[Collected data]
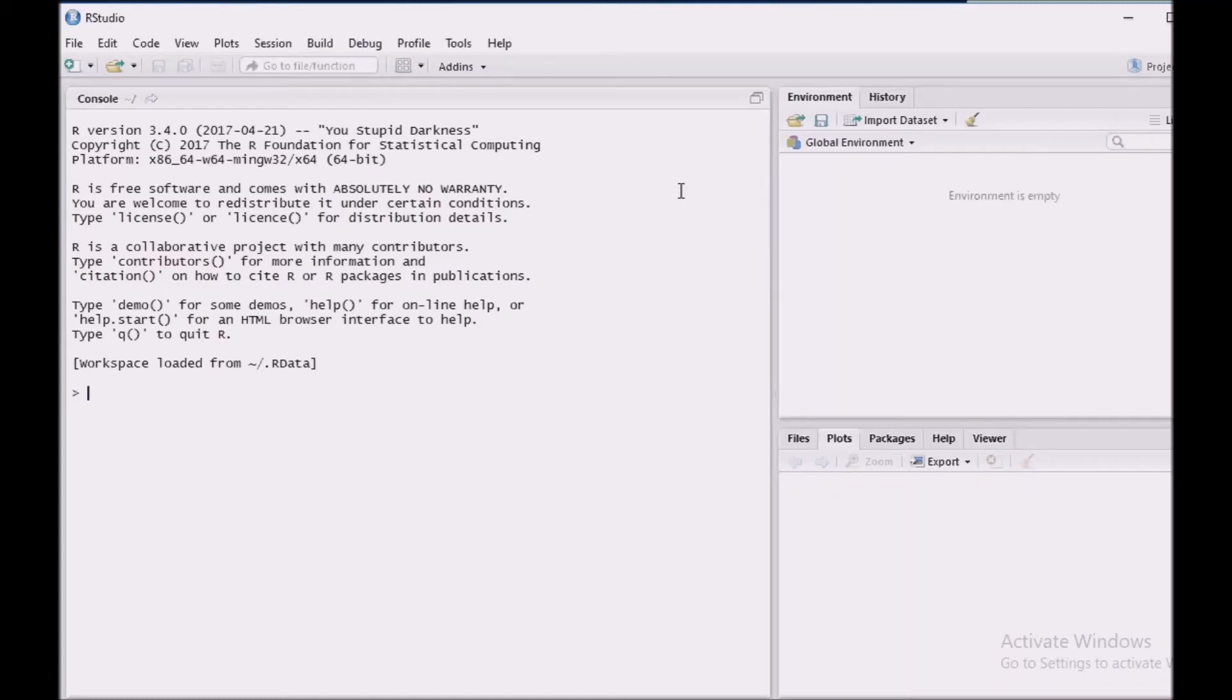Welcome to the XML parsing tutorial using R. This is Dinej here. In this tutorial, we are going to learn how to extract data from an XML document and convert it into a data frame.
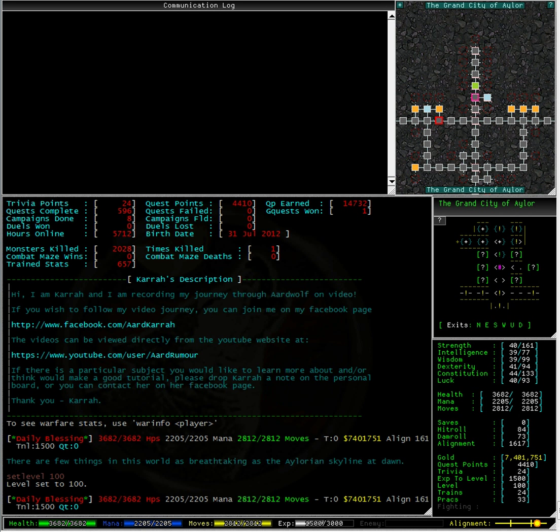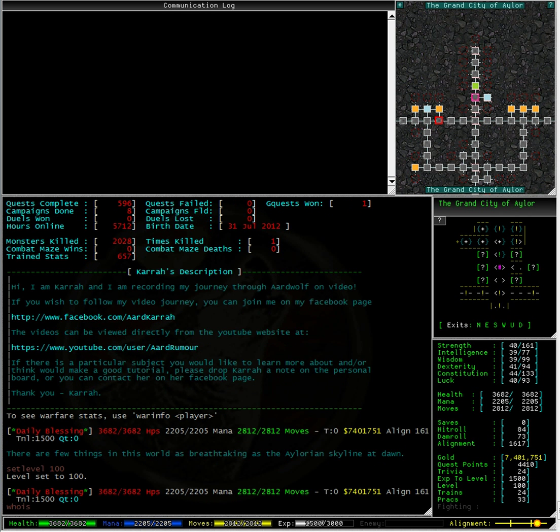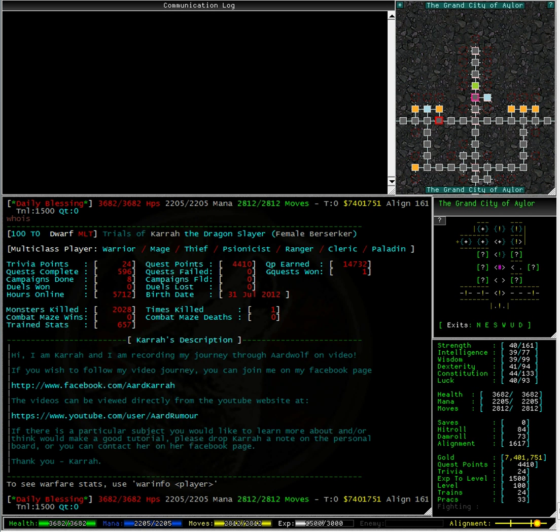Typing set level 100 we can see that my level is now 100. Typing who is confirms this.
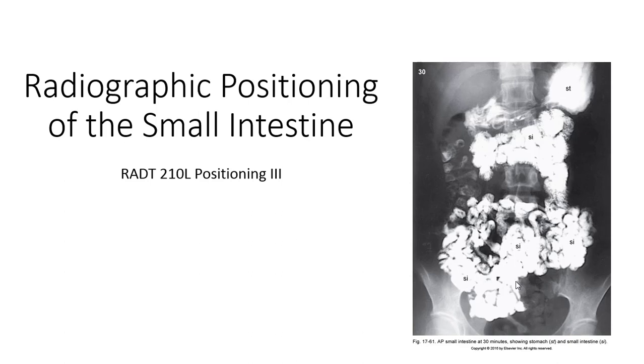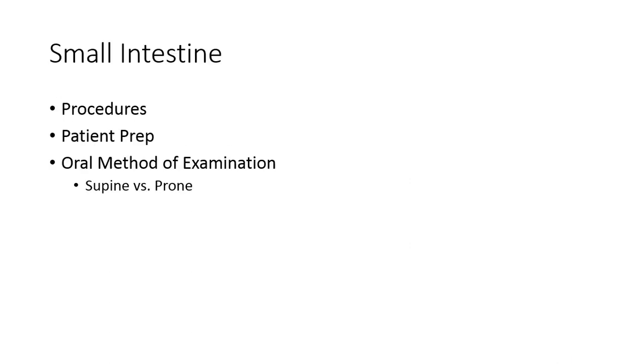In this presentation, we're going to be going over the radiographic positioning and procedural considerations for the small intestine. We primarily use barium or other opaque contrast administered one of three ways to evaluate the small intestine.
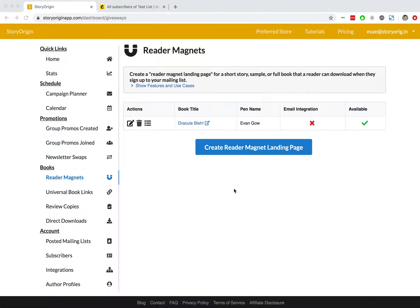Welcome to this tutorial video on creating an email service provider integration on StoryOrigin and using it for a reader magnet.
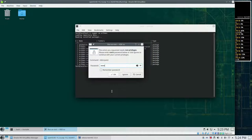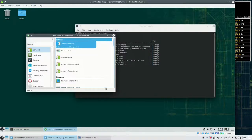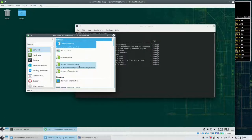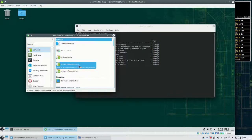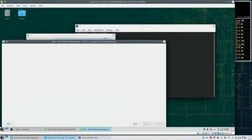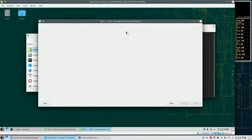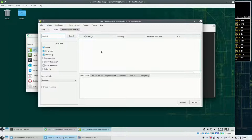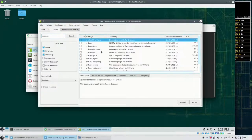We need the admin password here as well and we can go to software management. Fire it up, and here as well we can search for Orthanc.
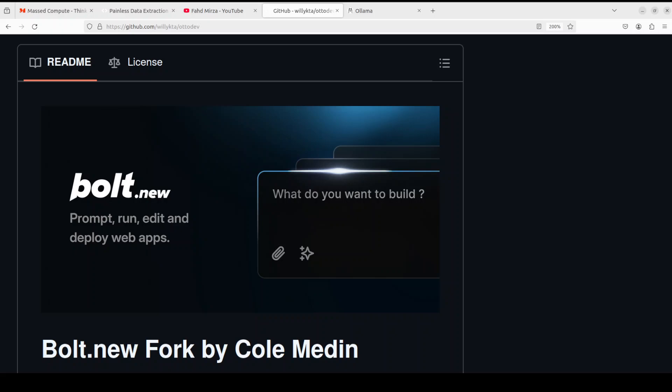Hi everyone, welcome to the channel. This is Fahad Mirza and I'm so glad that you are here. In this video, I am going to show you how you can locally install this open source fork of bolt.new, which is called auto-dev, on your local system and then do AI-powered web development with the help of AI agents. I'll try to keep it as simple as possible and we'll go step by step.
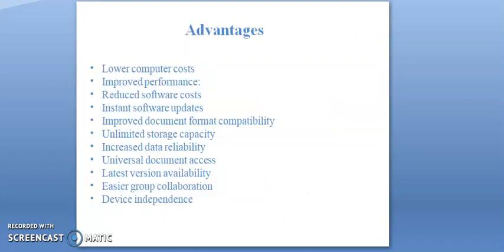The advantages of cloud computing: lower computer cost, improved performance, reduced software cost, instant software updates, improved document format compatibility, unlimited storage capacity, increased data reliability.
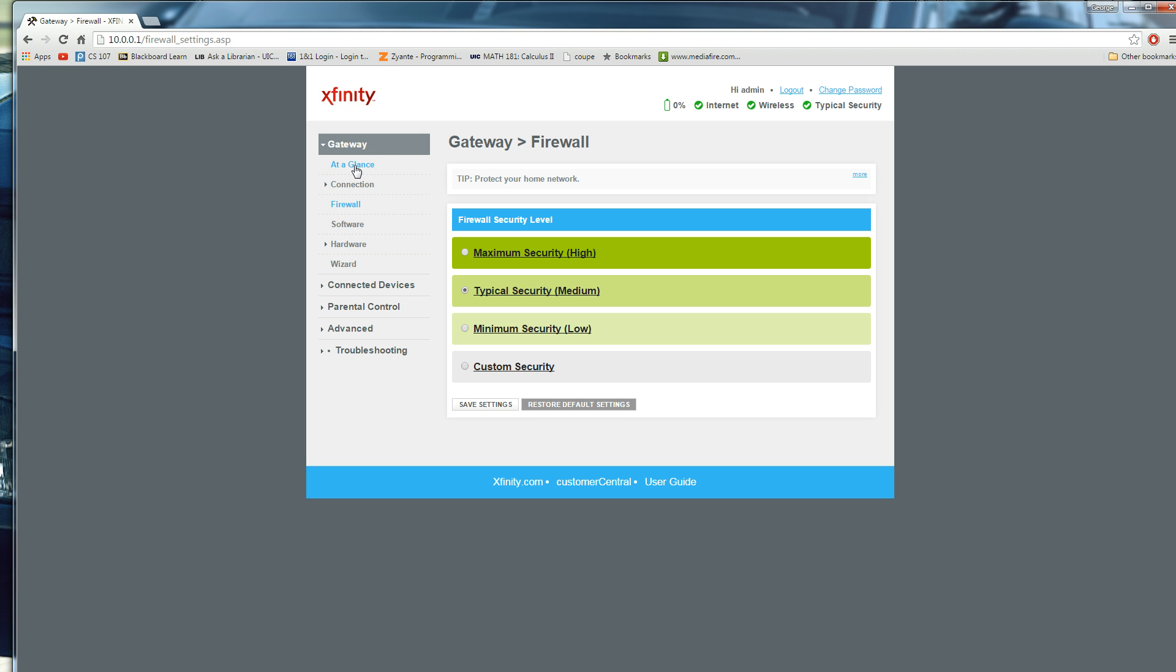This may not be how your router settings will look like, mine's Comcast, this is how Xfinity routers look like, once you enter those settings, this is how they're going to look like.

WORK ITEM: Give the lines again exactly, beginning with the first line of the records above and ending with the line that contains "Typing set level", and include no pictures.

ANSWER SECTION:
Welcome to the XML parsing tutorial using R. This is Dinej here. In this tutorial, we are going to learn how to extract data from an XML document and convert it into a data frame.
Typing set level 100 we can see that my level is now 100. Typing who is confirms this.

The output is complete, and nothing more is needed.